Dataset excerpts -
++++++

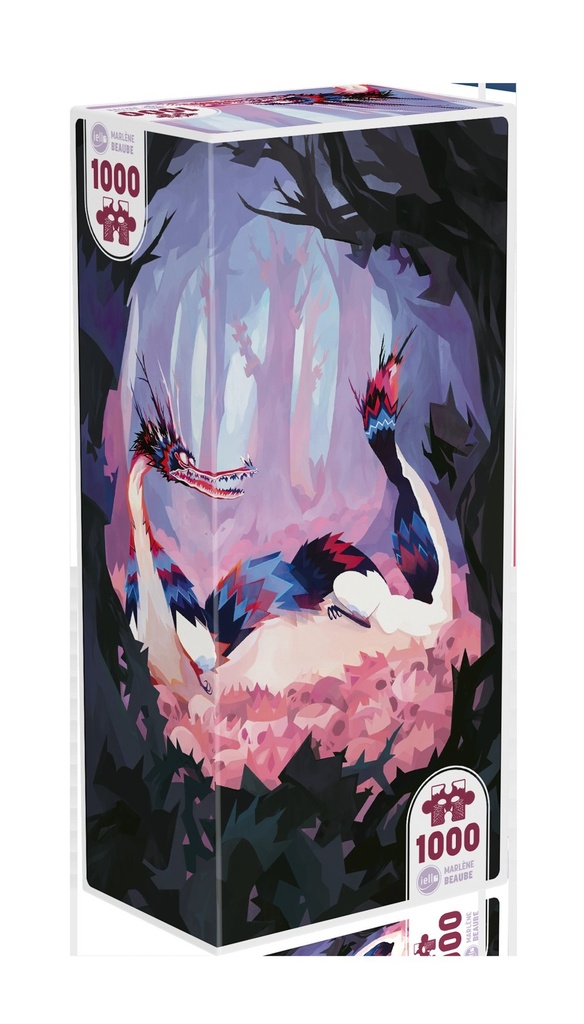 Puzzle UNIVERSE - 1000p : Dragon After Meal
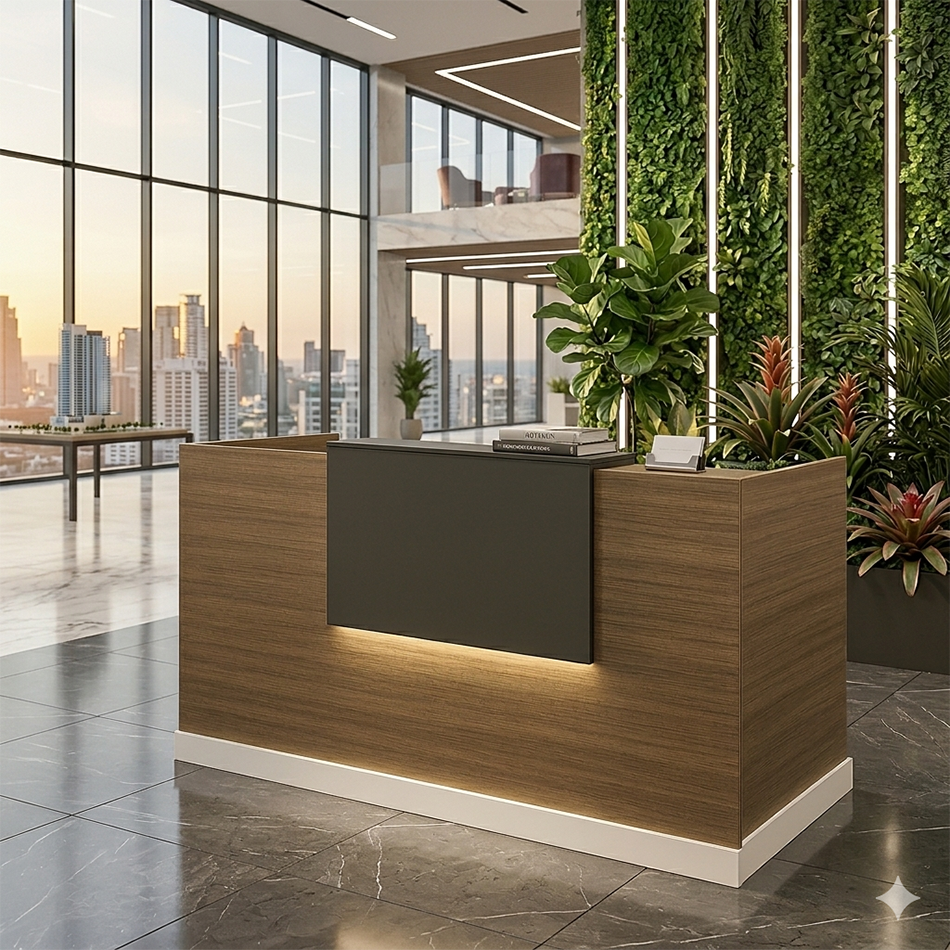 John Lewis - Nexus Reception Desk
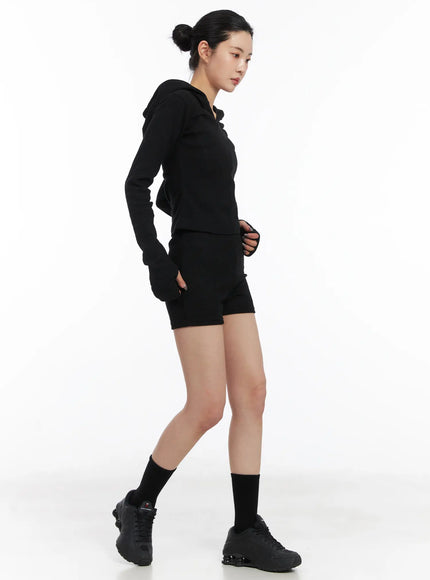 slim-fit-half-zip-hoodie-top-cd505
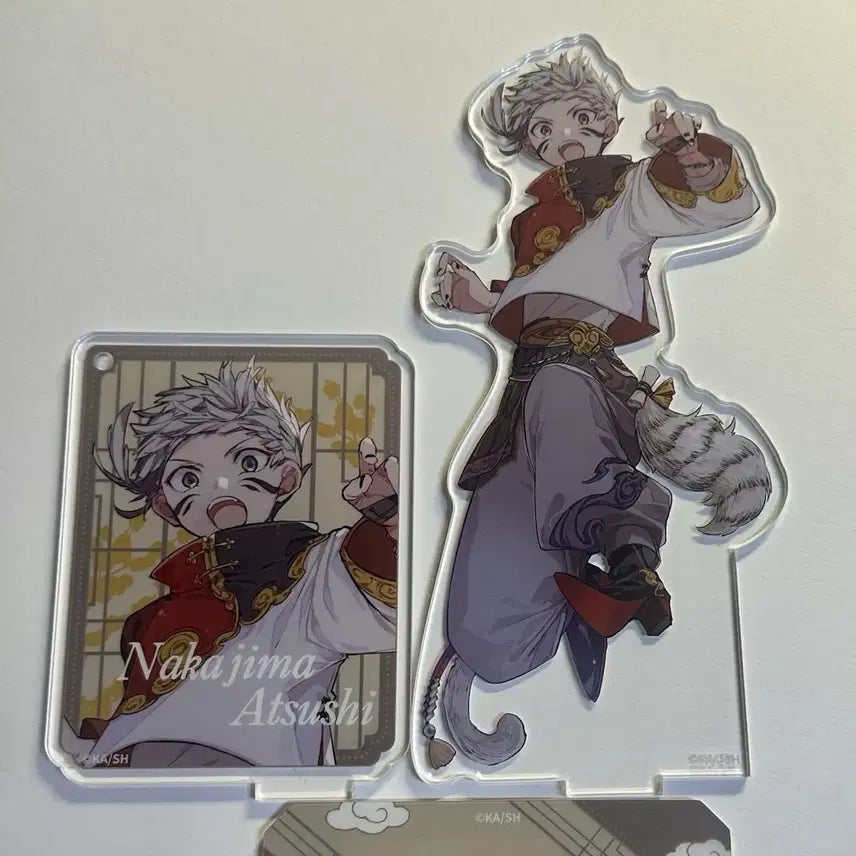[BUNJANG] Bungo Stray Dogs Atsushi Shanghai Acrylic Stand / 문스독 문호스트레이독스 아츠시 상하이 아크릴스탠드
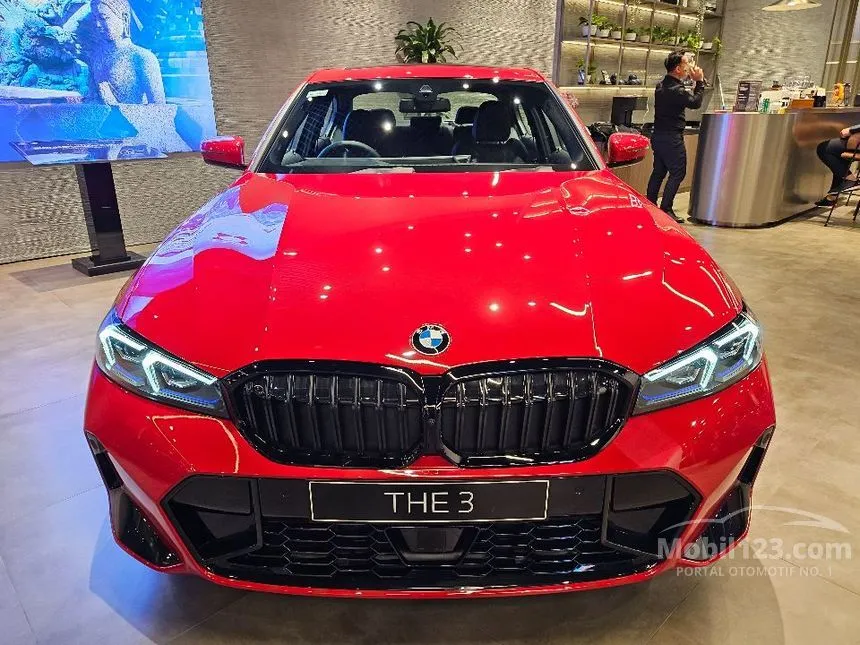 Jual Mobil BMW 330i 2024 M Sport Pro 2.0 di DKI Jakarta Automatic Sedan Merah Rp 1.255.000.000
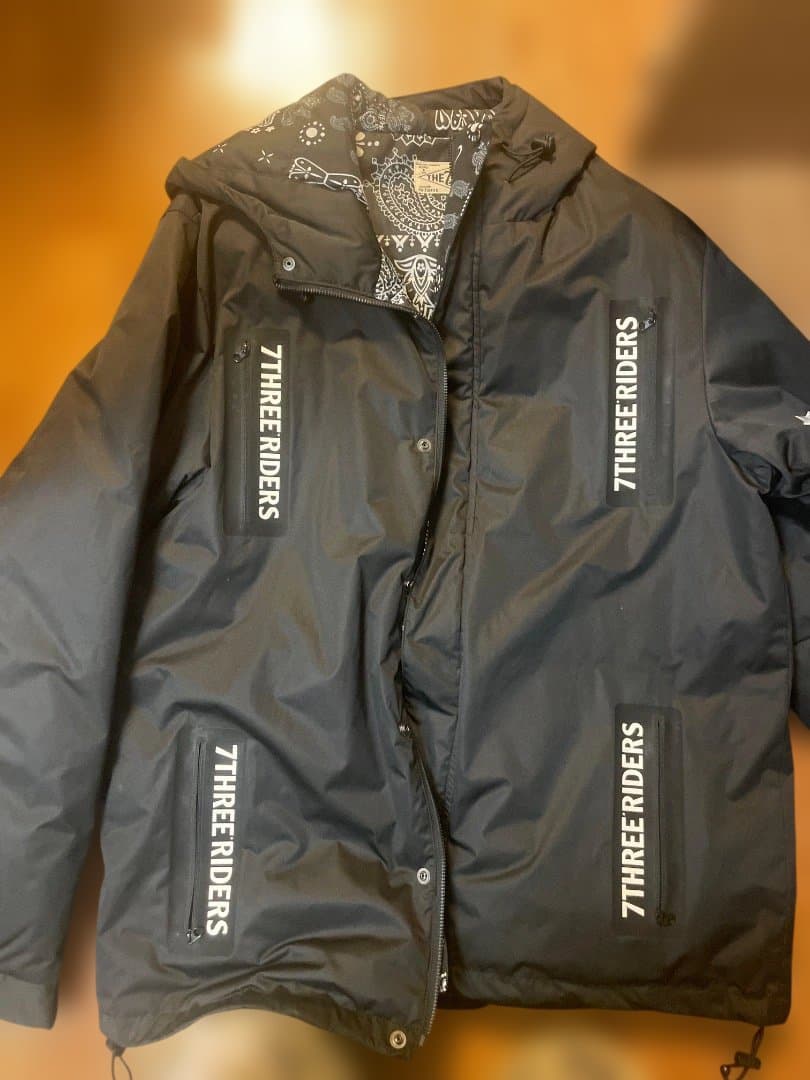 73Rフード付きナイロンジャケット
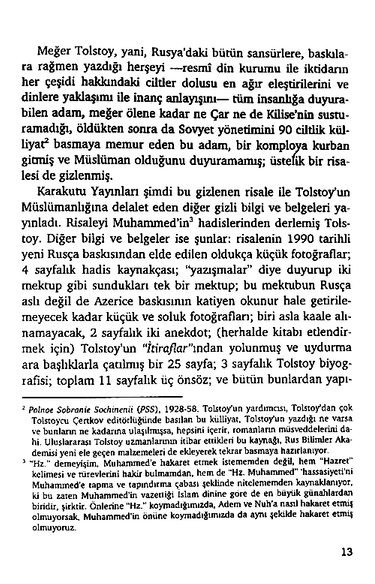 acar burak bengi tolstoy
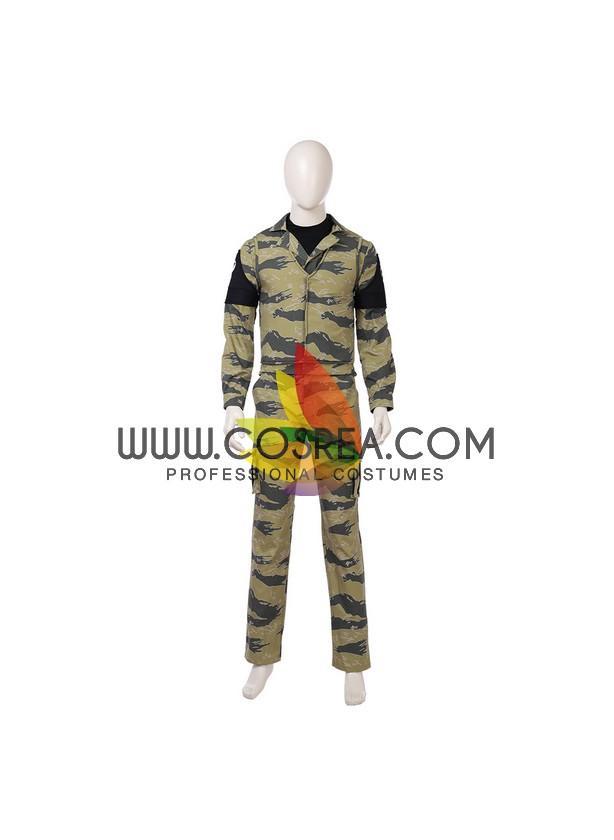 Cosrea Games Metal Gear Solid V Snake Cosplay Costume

++++++

Exercise prompt - Reproduce only the lines from the line that holds "slim-fit-half-zip-hoodie-top-cd505" through the end of the records, exactly as they stand, both ends included and pictures excluded.

Task answer -
 slim-fit-half-zip-hoodie-top-cd505
[BUNJANG] Bungo Stray Dogs Atsushi Shanghai Acrylic Stand / 문스독 문호스트레이독스 아츠시 상하이 아크릴스탠드
 Jual Mobil BMW 330i 2024 M Sport Pro 2.0 di DKI Jakarta Automatic Sedan Merah Rp 1.255.000.000
 73Rフード付きナイロンジャケット
 acar burak bengi tolstoy
 Cosrea Games Metal Gear Solid V Snake Cosplay Costume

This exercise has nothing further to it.